In: Accounting
55.
Danni is a single 30 percent owner of Kolt (a business entity). In the current year, Kolt reported a $1,000,000 business loss. Answer the following questions associated with each of the following alternative scenarios:
a. Kolt is organized as a C corporation and Danni works 20 hours a week as an employee for Kolt. Danni has a $200,000 basis in her Kolt stock. How much of Kolt’s loss is Danni allowed to deduct this year against her other income?
b. Kolt is organized as an LLC taxed as a partnership. Thirty percent of Kolt’s loss is allocated to Danni. Danni works 20 hours a week on Kolt business activities (she is not considered to be a passive investor in Kolt). Danni has a $400,000 basis in her Kolt ownership interest and she also has a $400,000 at-risk amount in her investment in Kolt. Danni does not report income or loss from any other business activity investments. How much of the $300,000 loss allocated to her from Kolt is Danni allowed to deduct this year?
c. Kolt is organized as an LLC taxed as a partnership. Thirty percent of Kolt’s loss is allocated to Danni. Danni is not involved in Kolt business activities. Consequently, she is considered to be a passive investor in Kolt. Danni has a $400,000 basis in her Kolt ownership interest and she also has a $400,000 at-risk amount in her investment in Kolt. Danni does not report income or loss from any other business activity investments. How much of the $300,000 loss allocated to her from Kolt is Danni allowed to deduct this year?
Answer a:
Kolt is organized as a C corporation and Danni works 20 hours a week as an employee for Kolt.
Neither income nor loss of a C corporation passes through the corporation to its shareholders. C Corporation can carry forward “net operating loss” (NOL). When a business is organized as C Corporation, any loss it suffers provides no benefit to its shareholders.
As such Danni is not allowed to deduct any amount of Kolt’s loss this year against her other income.
So share of loss allowed to be deducted = $0
Answer b:
Kolt is organized as an LLC taxed as a partnership.
Danni is a single 30 percent owner and loss allocated = $300,000
The deductibility for her share of allocated loss is limited to:
(i) her adjusted basis in his or her interest in the entity and
(ii) her amount “at risk” with respect to the entity as of the end of the year,
Danni has a $400,000 basis in her Kolt ownership interest and she also has a $400,000 at-risk amount in her investment in Kolt.
Further As per Tax Cuts and Jobs Act, a taxpayer’s loss from a non-passive trade or business is now limited to $500,000 for MFJ and $250,000 for other taxpayers for tax years beginning after December 31, 2017 and before January 1, 2026.
As such loss she will be allowed to deduct is limited to $250,000 this year. Any excess business loss is treated as part of the taxpayer’s net operating loss (“NOL”) carryforward to be used in subsequent years.

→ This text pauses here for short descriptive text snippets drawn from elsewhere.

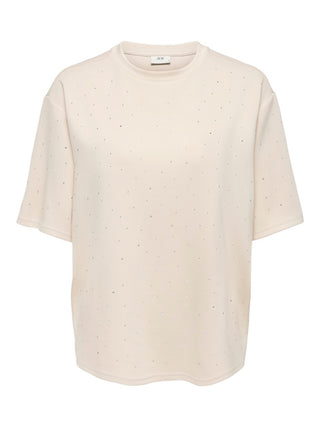 JDY - Nila t-shirt - Oatmeal studs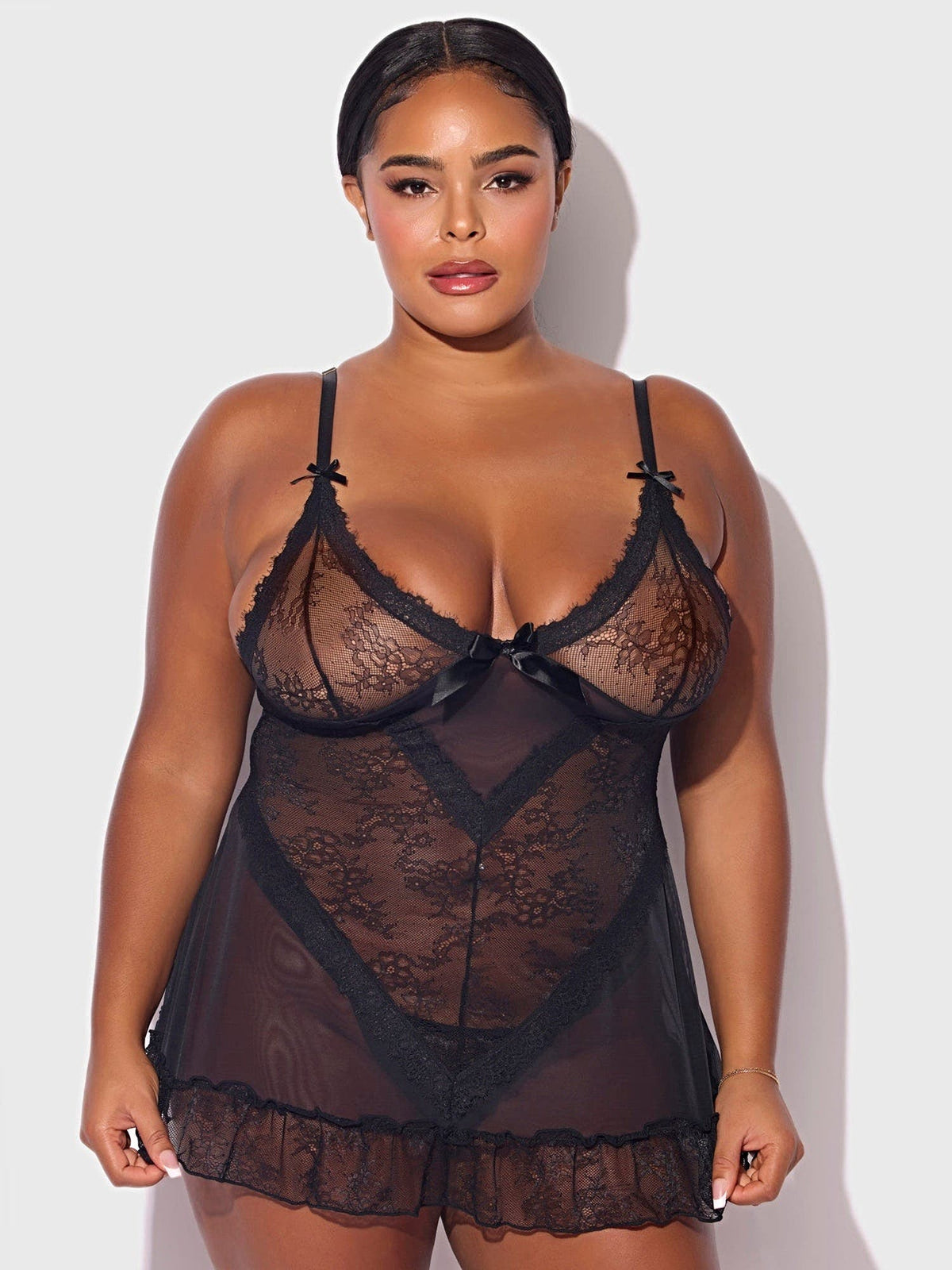 KIKI LACE BABYDOL & G-STRING SET -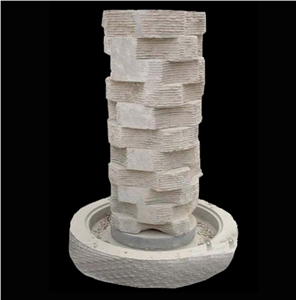 Abstract Black Limestone Fountain Garden Fountain
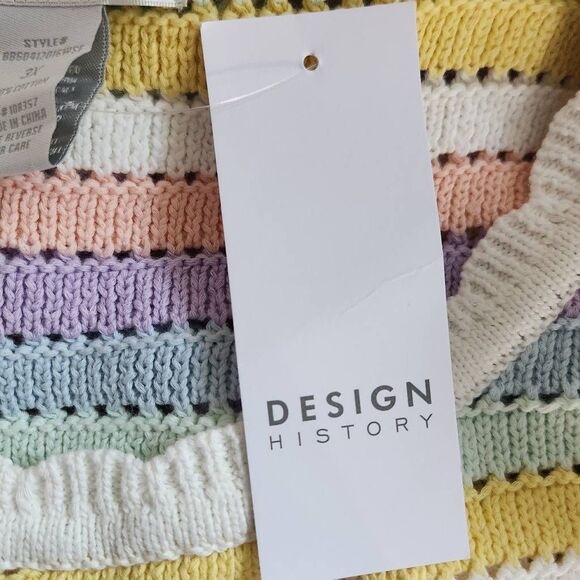 Design History Pastel Rainbow Sleeveless Knit Top NWT Size 3X Striped Sweater - Picture 6 of 8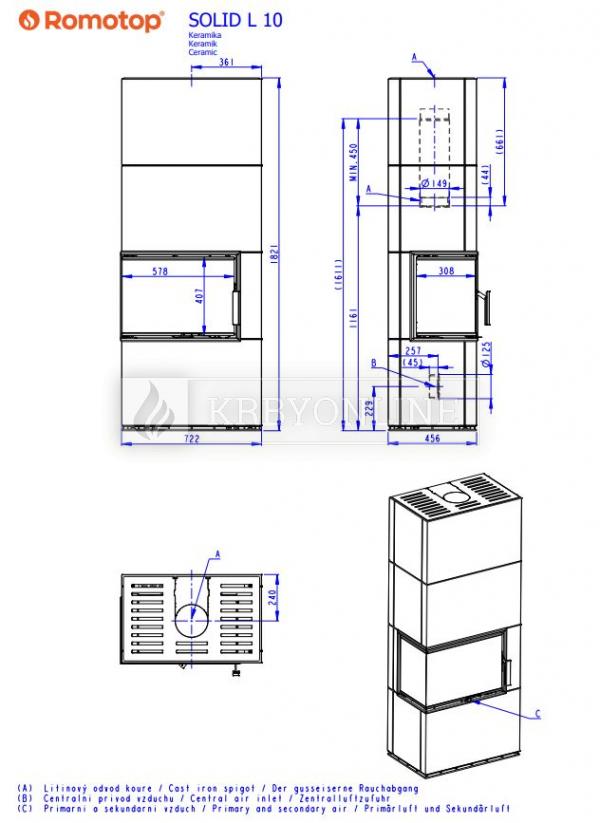 Romotop Solid L dizajnové rohové celokeramické krbové kachle krbyonline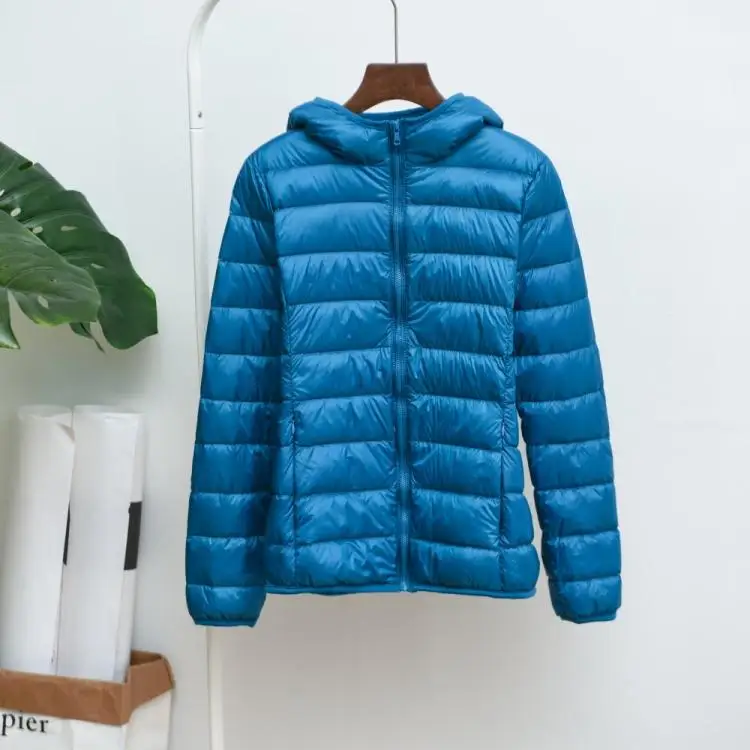 style1 dark blue Ультра легкие куртки на утином пуху 90%, Женское зимнее пальто с капюшоном, теплая тонкая куртка с длинными рукавами 8XL, большие размеры, Женская Куртка jaqueta feminina - Цвет: style1 dark blue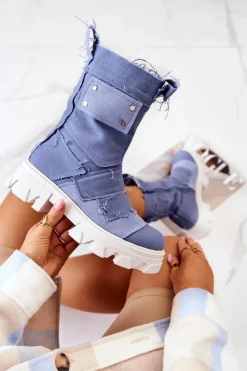 Botki Wiosenne|Botki Płaskie>Boto Wysokie Botki Workery Na Suwak Niebieskie Nerisa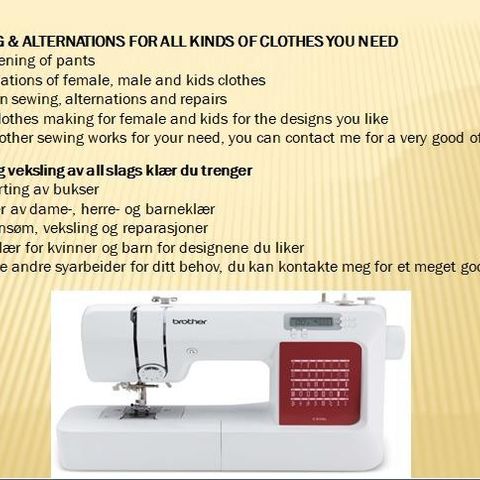 SEWING & ALTERNATIONS FOR ALL KINDS OF CLOTHES YOU NEED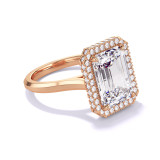 Emerald Cut Halo Engagement Ring with a Rose Gold Slim Three Phases Setting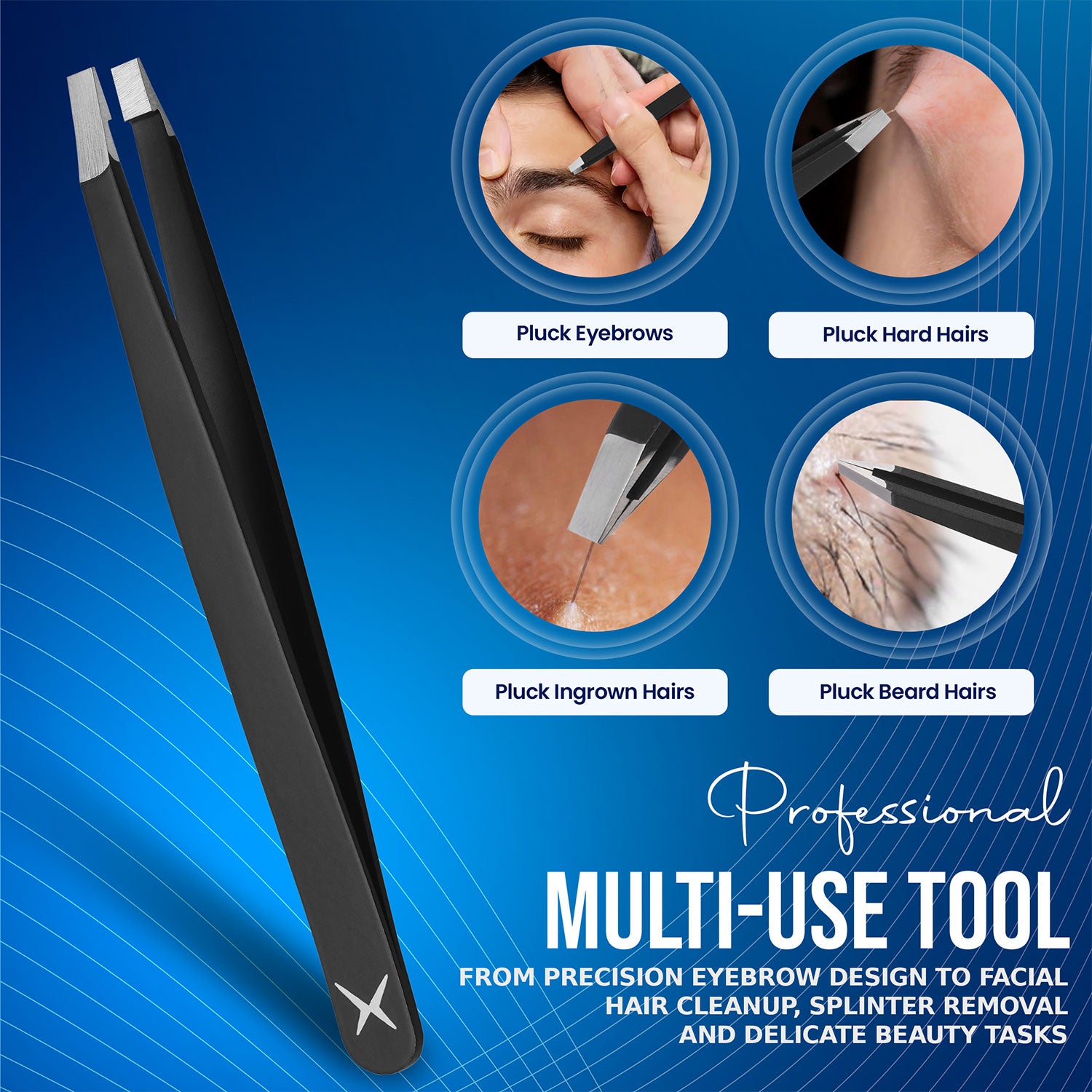 Professional Straight Stainless Steel Tweezers for Men & Women - Precision Eyebrow Facial Hair Removal with Strong Grip & Fine Point Tip (Black)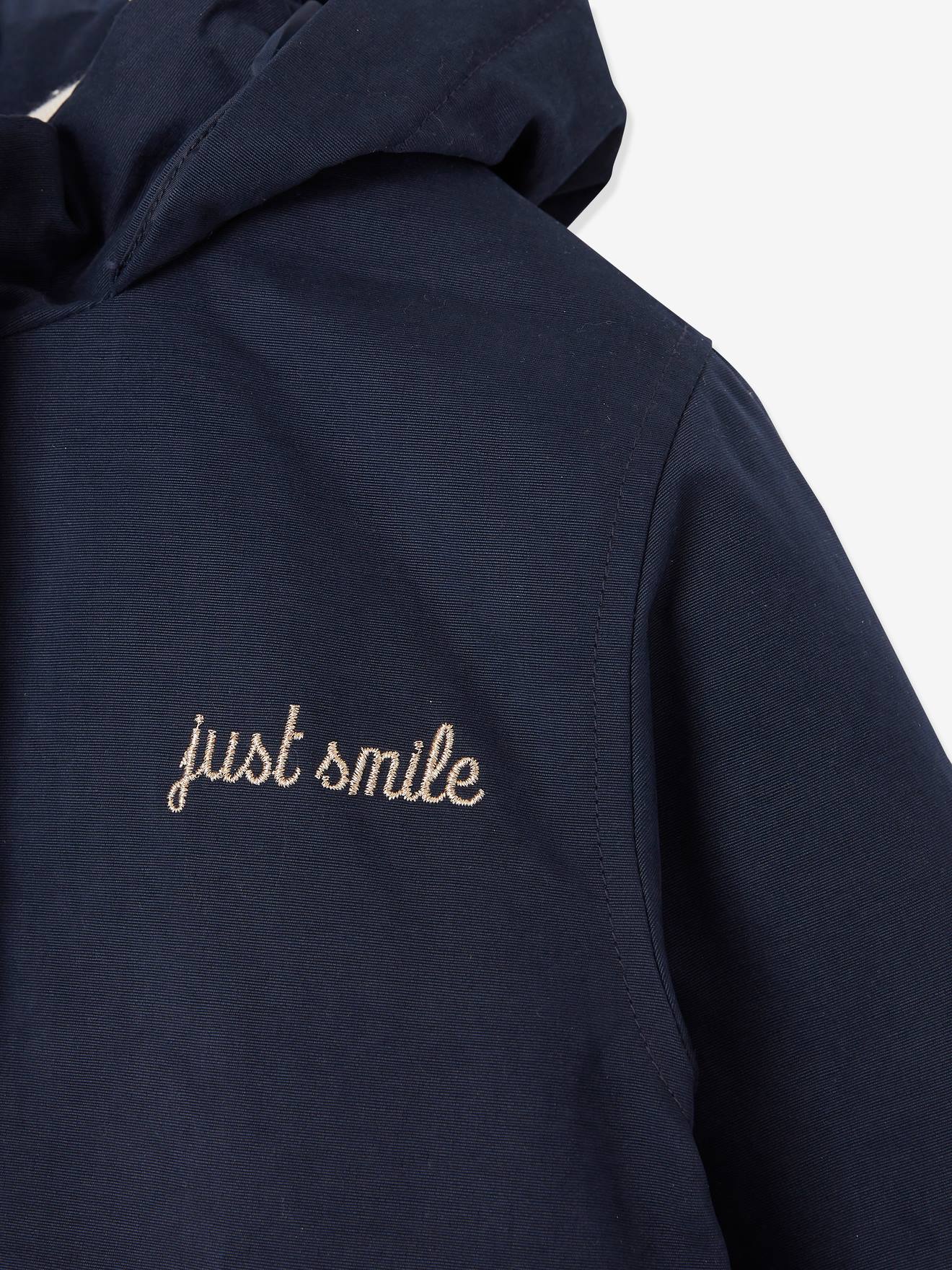 Parka 3 em 1 para meninas, azul escuro liso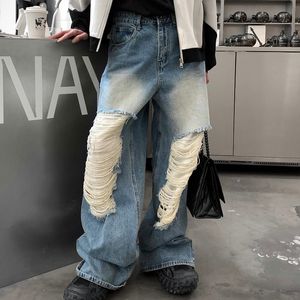Jeans da uomo strappati da uomo 2023 Spring Vintage Trend High Street Harajuku Hip Hop pantaloni a gamba larga Ins moda coreana casual larghi 230509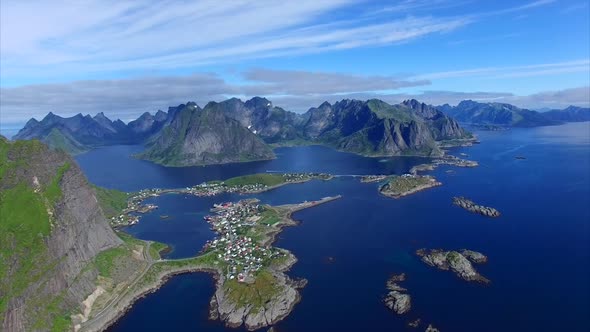 Aerial footage of coastline on Lofoten islands in Norway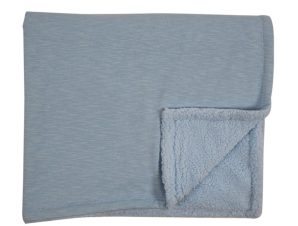 Κουβέρτα Fleece Αγκαλιάς (75×100) Με Γουνάκι Minene Baby Blue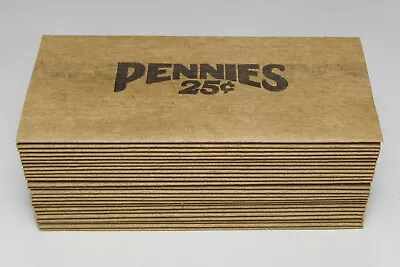 VTG Standard Paper Goods 25¢ Pennies Coin Roll Wrappers For Wheat Cents 25pc Tan • $14.99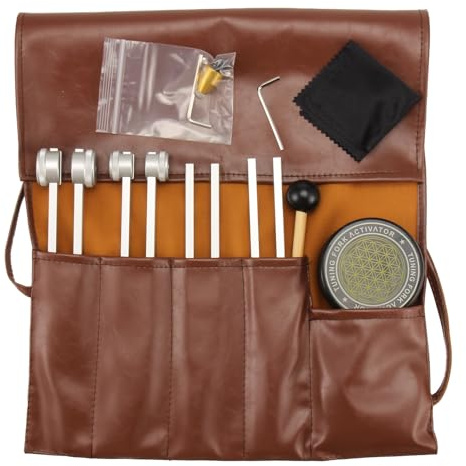 Ounfhtrttk Stimmgabel-Set 432 Hz 128 Hz 256 Hz 512 Hz mit Aktivator für Klang Zur Heilung, Therapie, Körperhaltung, Stil 2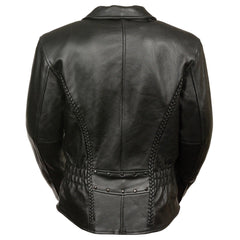 Milwaukee Leather LKL2711 Women's Braided Black Leather Motorcycle Rider Jacket with Studded Back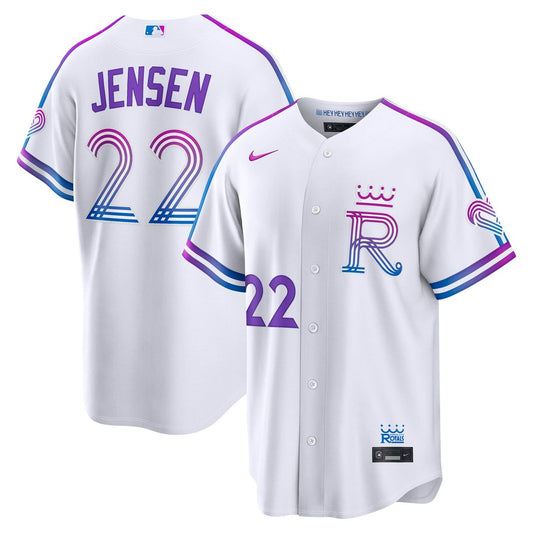 Kansas City Royals Carter Jensen White 2026 City Connect Stadium Baseball Jersey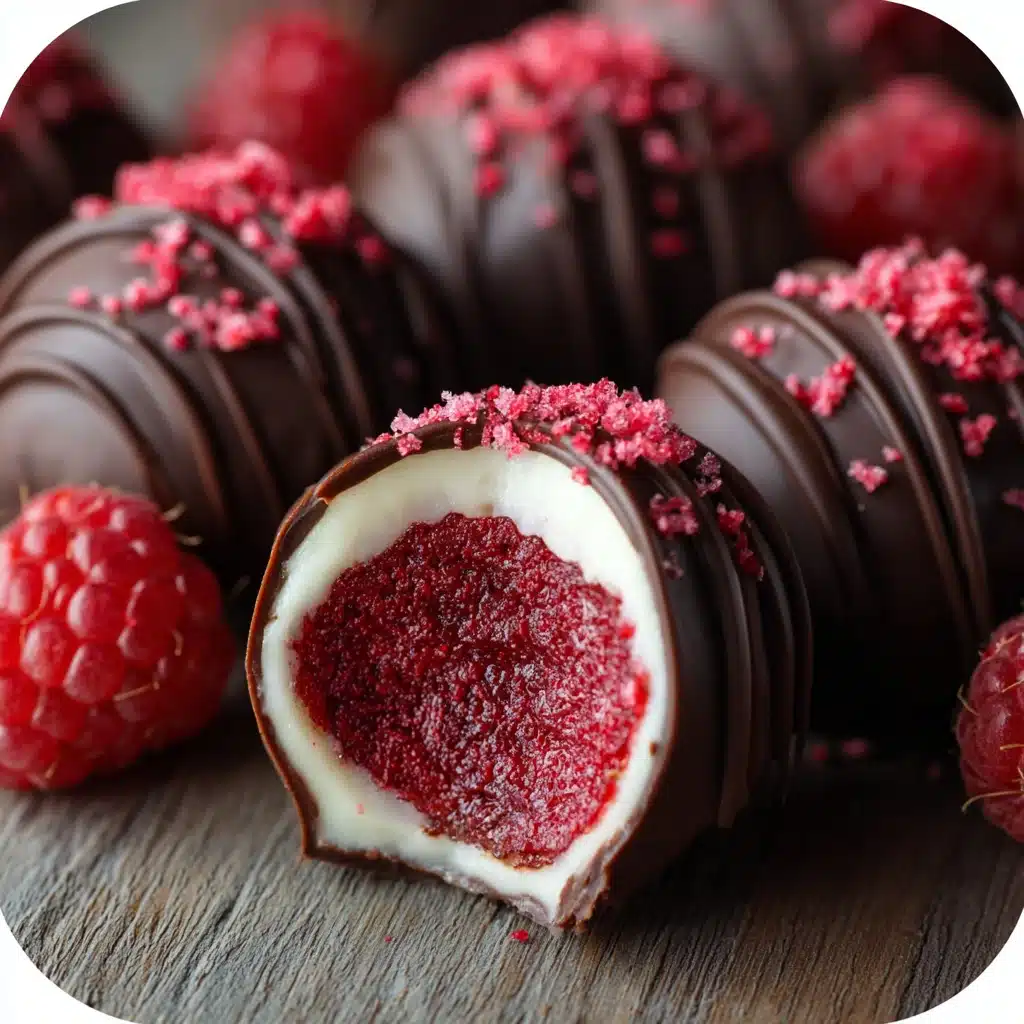 Raspberry truffles rolled in cocoa powder and crushed freeze-dried raspberries on parchment paper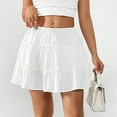 thumbnail image 5 of yillto Womens Short Skirts Elastic Waist Tiered Ruffle Hem Flowy Short Skirt Cute Boho Beach Outfits, 5 of 7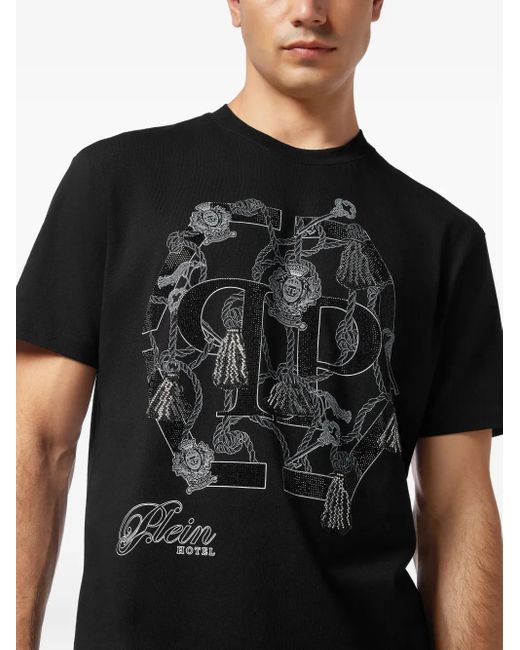T-Shirt À Logo Strassé Philipp Plein pour homme en coloris Black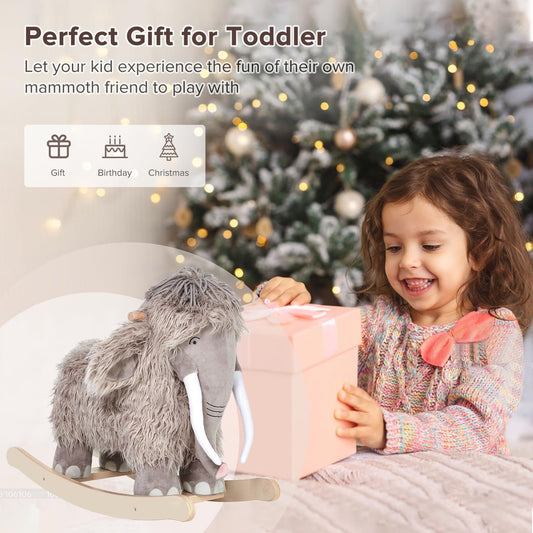 labebe - Plush Rocking Horse, Mammoth Rocker, Stuffed Rocker Toy for Child 1-3 Year Old, Kid Ride On Toy Wooden, Rocking Animal for Infant/Toddler Girl&Boy, Nursery Birthday Gift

So share of loss allowed to be deducted = $250,000
Answer c:
Danni is not involved in Kolt business activities. Consequently, she is considered to be a passive investor in Kolt.
When the entity is a “passive activity” for the owner, she may not be able to use her share of a loss for any year to the extent the loss exceeds her income from other passive activities.
Since Danni does not report income or loss from any other business activity investments, she is not allowed to deduct any amount of $300,000 loss allocated to her from Kolt, this year.